Jaw Movement Analysis is the systematic clinical and technological evaluation of mandibular motion — including range, velocity, and three-dimensional pathway — to identify deviations from normal function and diagnose conditions affecting the temporomandibular joint (TMJ) and surrounding structures.
How It Works
Assessment ranges from simple clinical observation to sophisticated electronic tracking. A clinician can measure maximum mouth opening, lateral excursions, and protrusive movements with a millimeter ruler and visual inspection. More advanced electronic jaw tracking — known as kinesiography or axiography — attaches sensors to the mandible and records three-dimensional movement data in real time, producing motion maps that reveal subtle asymmetries or restrictions invisible to the naked eye.
Imaging modalities such as cone beam computed tomography (CBCT) complement movement data by visualizing condylar morphology, joint space, and articular disc position, giving clinicians a fuller picture of both structure and function.
Clinical Significance
Jaw Movement Analysis is central to diagnosing and managing a wide range of orofacial conditions. Deviations in movement path, restricted opening, or clicking and crepitus often indicate dysfunction requiring targeted intervention.

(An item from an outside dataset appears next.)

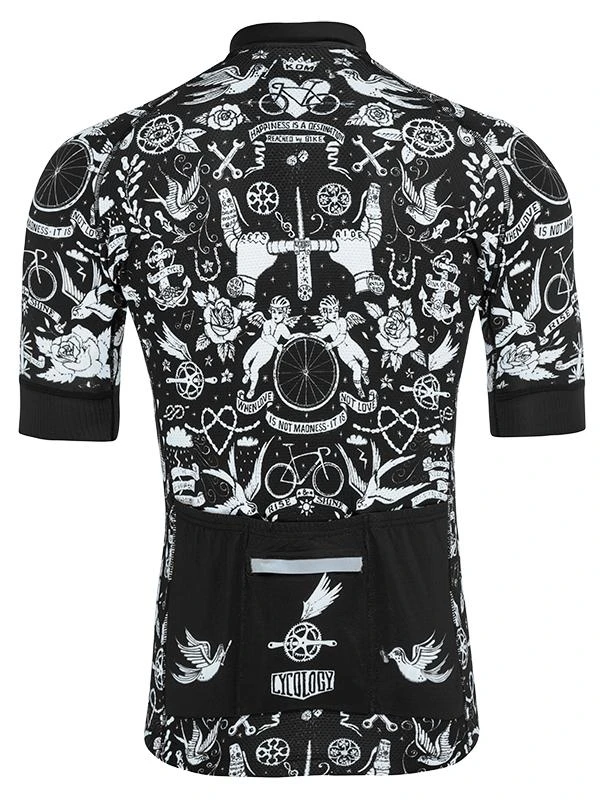 Velo Tattoo Men's Classic Jersey 2 Velo Tattoo Men's Classic Jersey - Image 2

- TMJ disorders: Irregular or limited condylar translation can indicate disc displacement, osteoarthritis, or capsular fibrosis.
- Bruxism and parafunction: Movement patterns reveal excessive lateral grinding that accelerates enamel wear and increases the risk of cuspal fractures.
- Occlusal problems: Charting mandibular closure and lateral shifts identifies premature contacts or deflective occlusion.
- Neuromuscular conditions: Asymmetric or tremorous movement paths may reflect muscular imbalance or systemic neurological involvement.
- Surgical rehabilitation: Tracking movement recovery after orthognathic surgery or condylar repair confirms functional progress over time.
Key Measurements
Standard values recorded during analysis include maximum unassisted mouth opening (normal range: 40–55 mm), lateral excursion (8–12 mm per side), and protrusive range (6–10 mm). These metrics are interpreted alongside periodontal ligament health, muscle palpation findings, and occlusal data to build a comprehensive neuromuscular profile — enabling clinicians to design splint therapy, occlusal equilibration, or targeted physical therapy with greater precision and predictability.